‘Identification’ in CFA and SEM

Identification refers to the idea that a model is ‘estimable’, or more specifically whether there is a single best solution for the parameters specified in the model. An analogy would be the ‘line of best fit’ in regression - if we could draw two lines that fit the data equally well then our method doesn’t enable us to choose between these possibilities, and is essentially meaningless (or uninterpretable, anyway).

This is a complex topic, but David Kenny has an excellent page here which covers identification in lots of detail: http://davidakenny.net/cm/identify.htm. Some of the key ideas to takeaway are:

  • Feedback loops and other non-recursive models are likely to cause problems without special attention.

  • Latent variables need a scale. To do this either fix their variance, or fix a factor loading to 1.
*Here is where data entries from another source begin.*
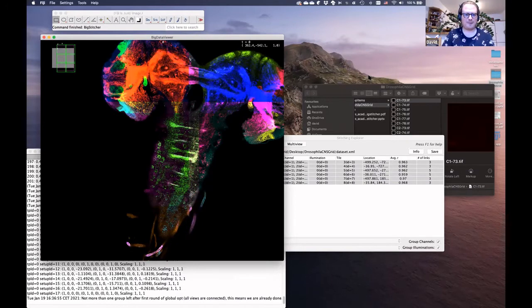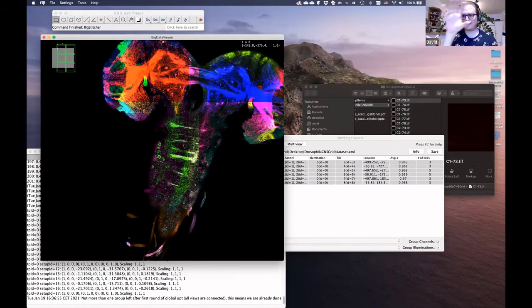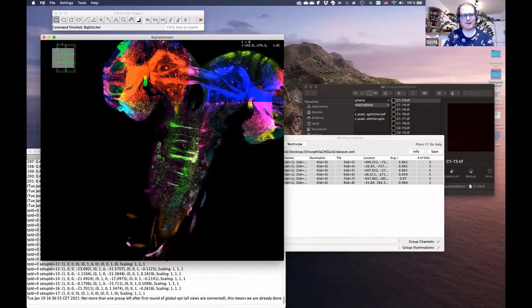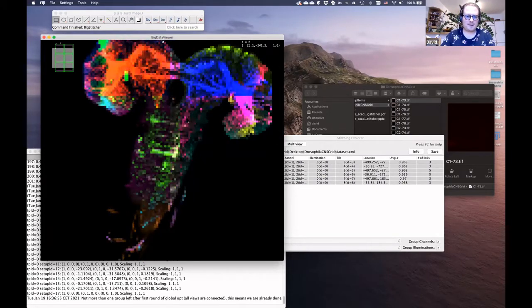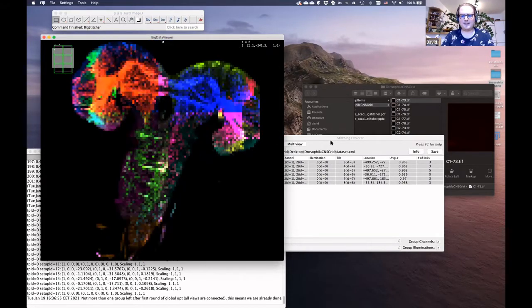After reviewing the pairwise links, click Apply and run the global optimization. We have various strategies for global optimization, but typically the default works well — it includes iterative removal of disagreeing links and similar checks, and doesn't significantly increase processing time. After a moment, all tiles snap neatly into place and it already looks pretty nice as an aligned dataset.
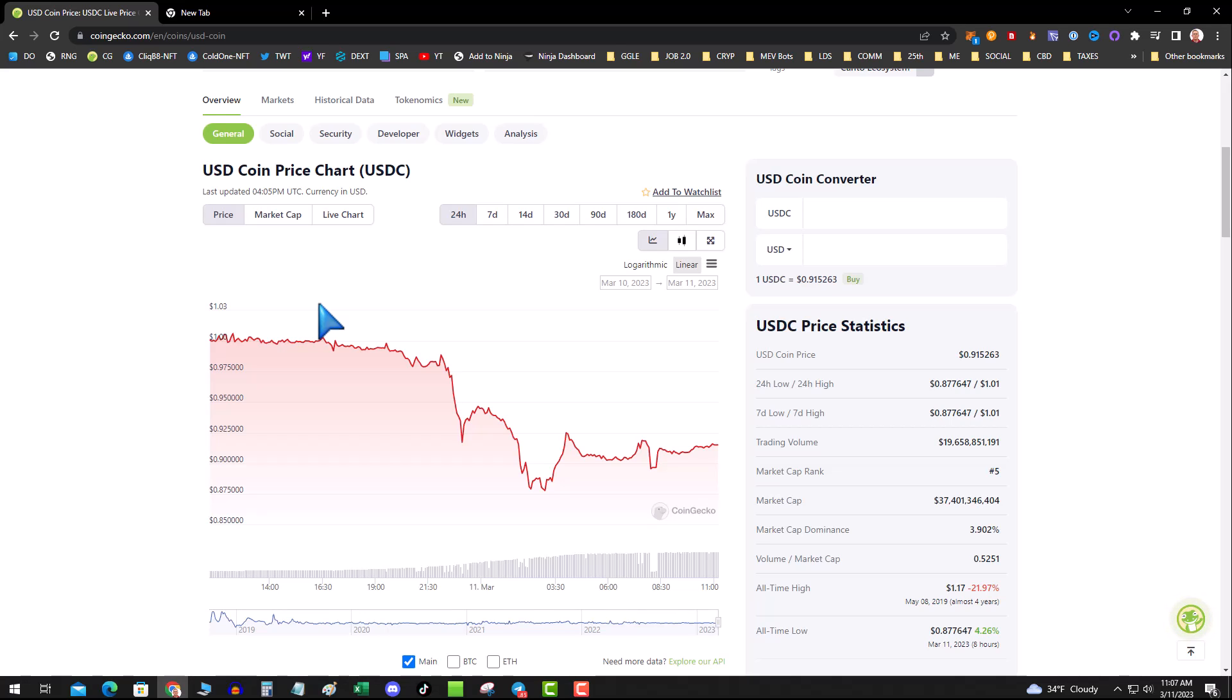When I logged into my Coinbase account, which I don't keep money on—the only time I go to Coinbase is to use it as a fiat gateway in and out. Are your funds safe on Coinbase? At this point, I'd say it's probably fine, but you're in crypto—there's always risk for everything.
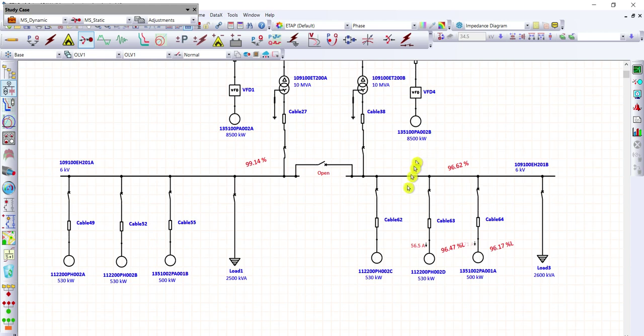So now we have already performed both the static motor starting from our previous lesson and, in this lesson, the dynamic motor starting analysis. We have discussed the difference between the static motor starting analysis and the dynamic motor starting analysis. Thanks for watching.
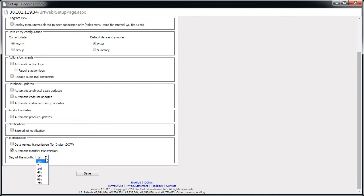Note that your data must be entered or imported into the software prior to the date you select. Click Save.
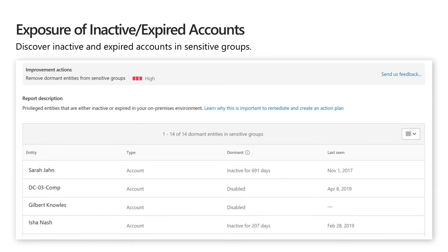One important feature is the ability to look at inactive and expired accounts as a configuration vulnerability. Azure ATP will actually identify dormant entities from sensitive groups — accounts within the organization that have been inactive for more than 180 days. Those accounts are identified as dormant if they are disabled or expired in Windows Server Active Directory. Entities are automatically tagged as part of a sensitive group if the account has high privileges, and entities can also be manually tagged as sensitive. Gaining visibility into these dormant accounts with high privileges enables you to address this potential vulnerability.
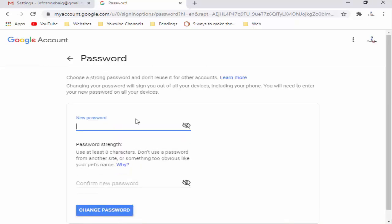So finally you face this type of page, Password. New password, you enter here your new password. After, click on Change Password, you see this button.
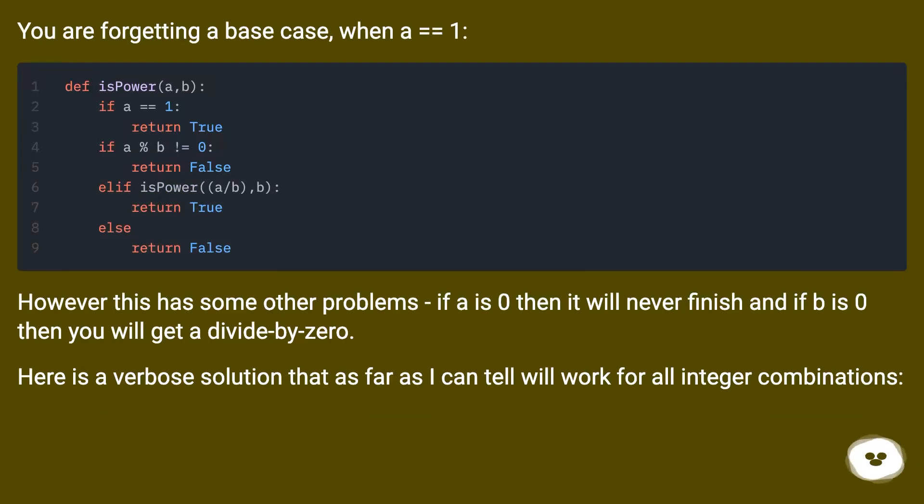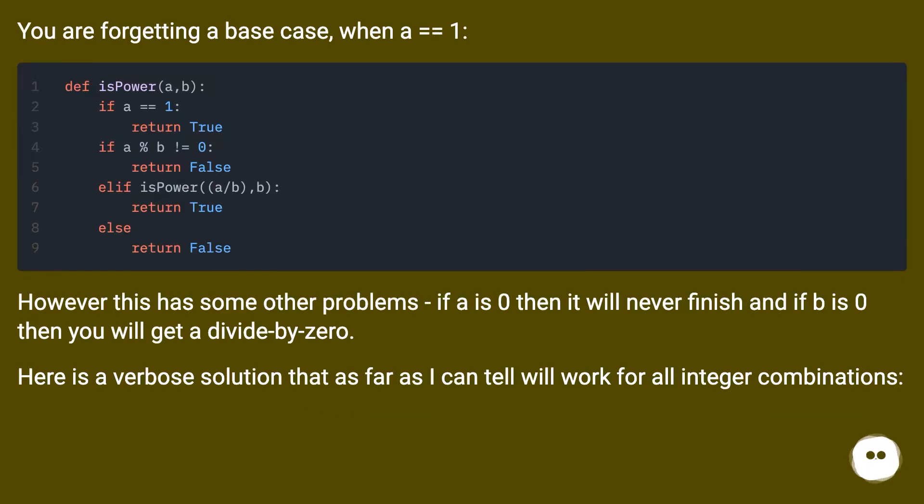You are forgetting a base case when a equals one. However this has some other problems, if a is zero then it will never finish and if b is zero then you will get a divide by zero.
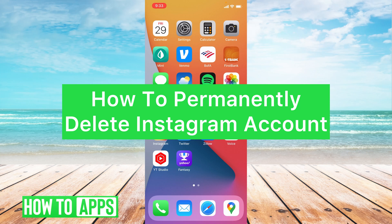Hey guys, Trevor here, and in this video I'm going to walk you through how to permanently delete your Instagram account. It's pretty quick and easy, so let's jump right in.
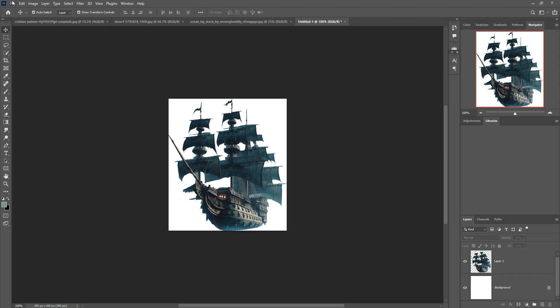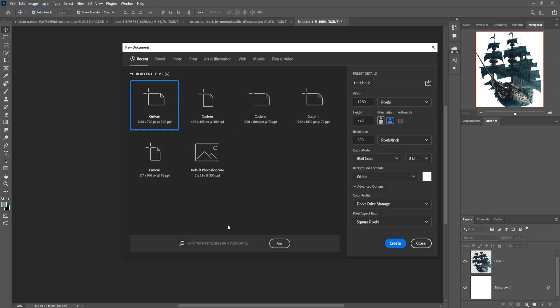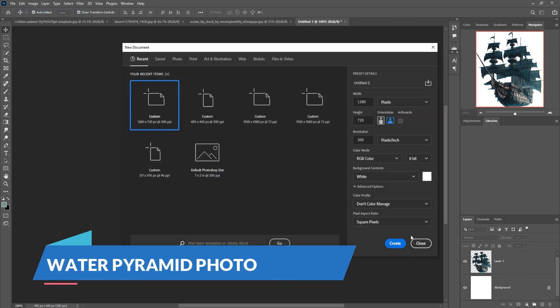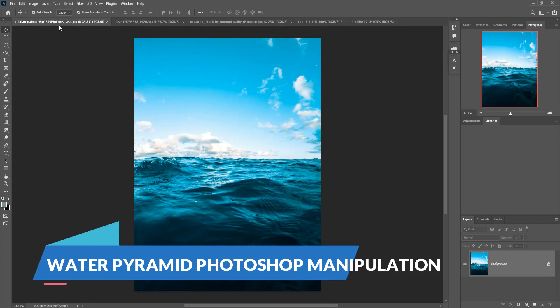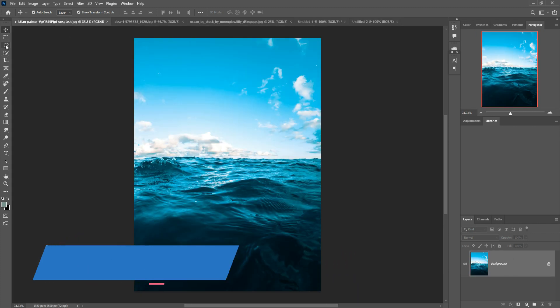Hello friends, today we are going to learn how to create amazing fantasy art in Photoshop. Just follow the mouse icon and you can learn everything. Let's begin the tutorial.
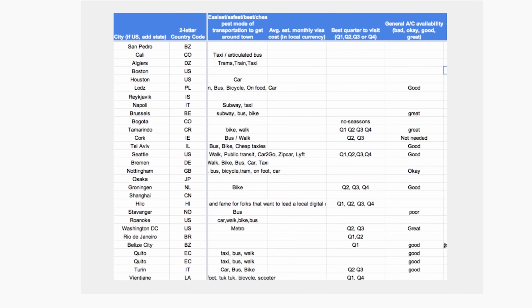The concept of an MVP can look many ways. Nomad List's MVP was just a spreadsheet database of different countries where you could be a digital nomad. As Reid Hoffman says, if you're not embarrassed by the first version of your product, you've probably launched too late.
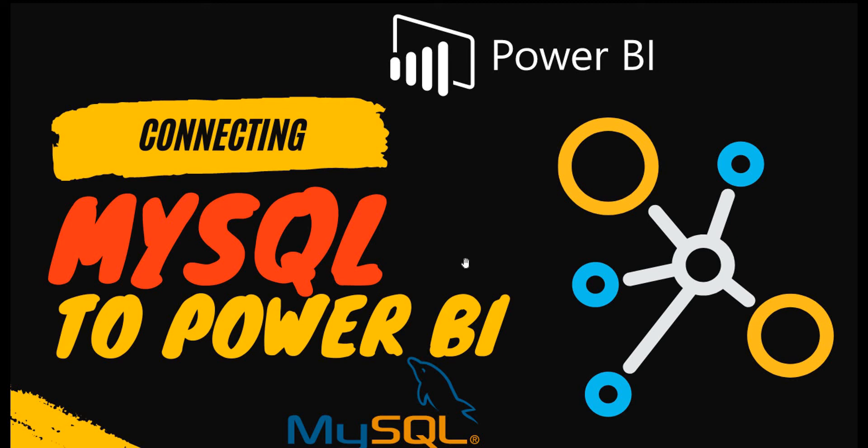Hello everyone, welcome back to another Power BI video. In this video we will be discussing how we can connect to MySQL server database from Power BI and a common issue that is faced while connecting to MySQL from Power BI. So let's get started.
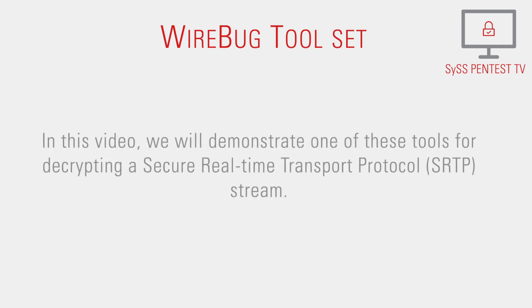In this video, we will demonstrate one of these tools for decrypting a secure real-time transport protocol stream.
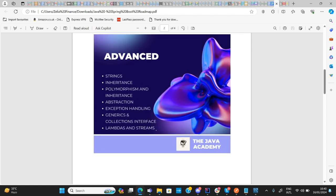Moving into more advanced topics, you also need to understand strings and how to manipulate them. There are quite a lot of methods in the string class, so you need to know when and how to use the different methods available. Aside from that, you need to understand inheritance, which is one of the core concepts of OOP. My YouTube channel also has a project-based video that will help you understand inheritance properly.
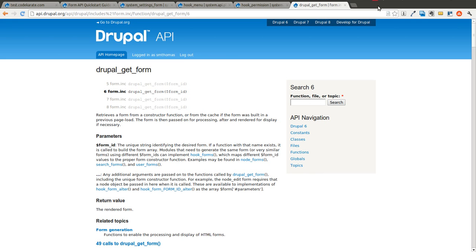This module is going to be a little bit trivial and not necessarily a practical use case, but it's going to show you a couple different things. The module is essentially going to monitor every time that cron is run on your site and it's going to send you an email.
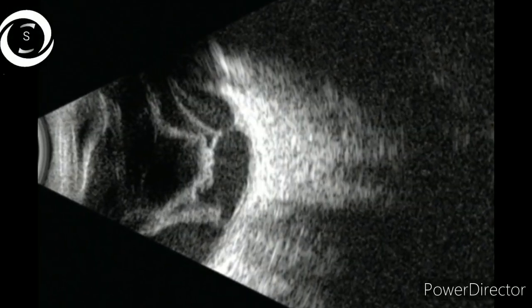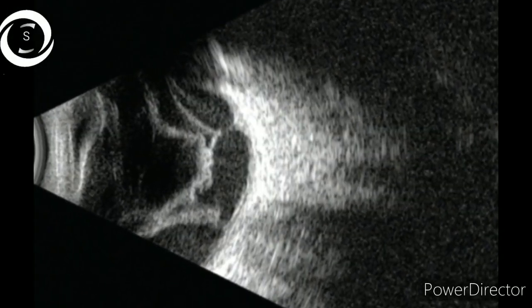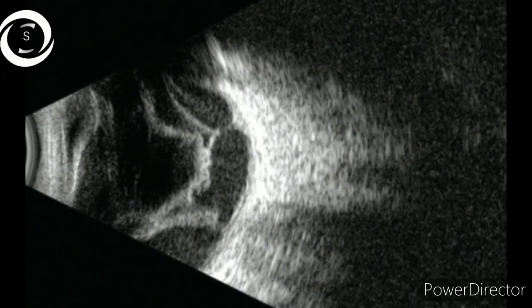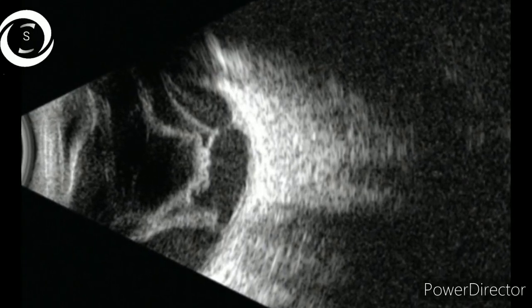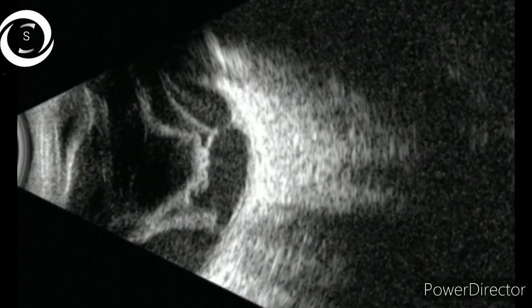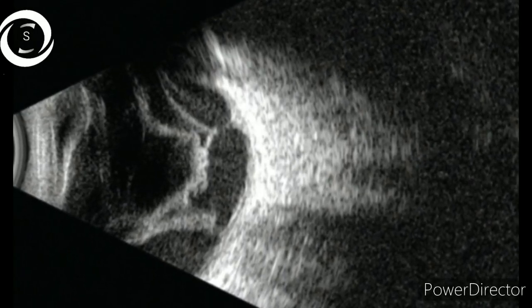In the twelfth B scan, there is vitreous hemorrhage as well as tenting of the retina due to tractional retinal detachment in a diabetic retinopathy patient.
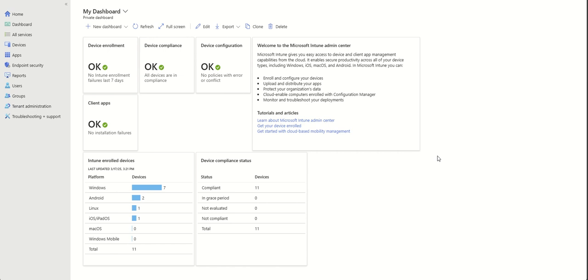Today we're going to talk about how to prevent users on the device from data leaking — copying data from your company to outside of your company, or from your internal tools to outside. This is very commonly used by customers and it's a very secure way to manage your data.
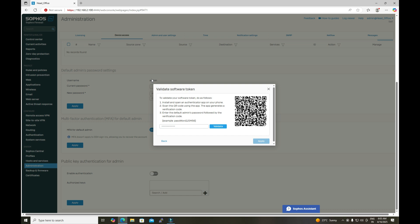I have rescanned the QR code in my authenticator application. Let me clear the password and the previously generated OTP token from the authenticator app and try to log in again with the same password but with the new OTP code. My new OTP code is 380620.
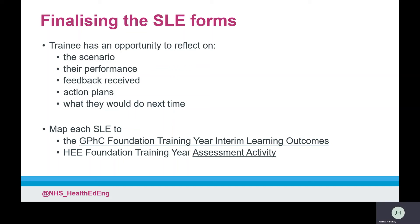All the SLE forms will be available to record directly onto the portfolio or for them to be uploaded. Prior to finalising and submitting the form for designated supervisor sign-off, there is an opportunity for trainees to reflect on the scenario observed, their performance, feedback received, action plans, and what they would like to do next time. Each assessment activity recorded within an SLE that is uploaded to the portfolio will be required to be mapped to the GPHC Foundation Training Year Interim Learning Outcomes and the HEE Foundation Training Year assessment activity prior to sign-off by the designated supervisor.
  • You need ‘enough data’. Normally this will be at least 3 measured variables per latent. Sometimes 2 is enough, provided the errors of these variables are uncorrelated, but you may struggle to fit models because of ‘empirical under-identification’9

  • If a model is non-identified, it may either i) fail to run or, worse, ii) produce spurious results.

Rule B

For structural models, ‘Rule B’ also applies when deciding when a model is identified: No more than one of the following statements should be true about variables or latents in your model:

  • X directly causes Y
  • Y directly causes X
  • X and Y have a correlated disturbance
  • X and Y are correlated exogenous variables

But see http://davidakenny.net/cm/identify_formal.htm#RuleB for a proper explanation.

  1. Note, indicators themselves should be correlated with one another in a bivariate correlation matrix. It’s only the errors which should be uncorrelated.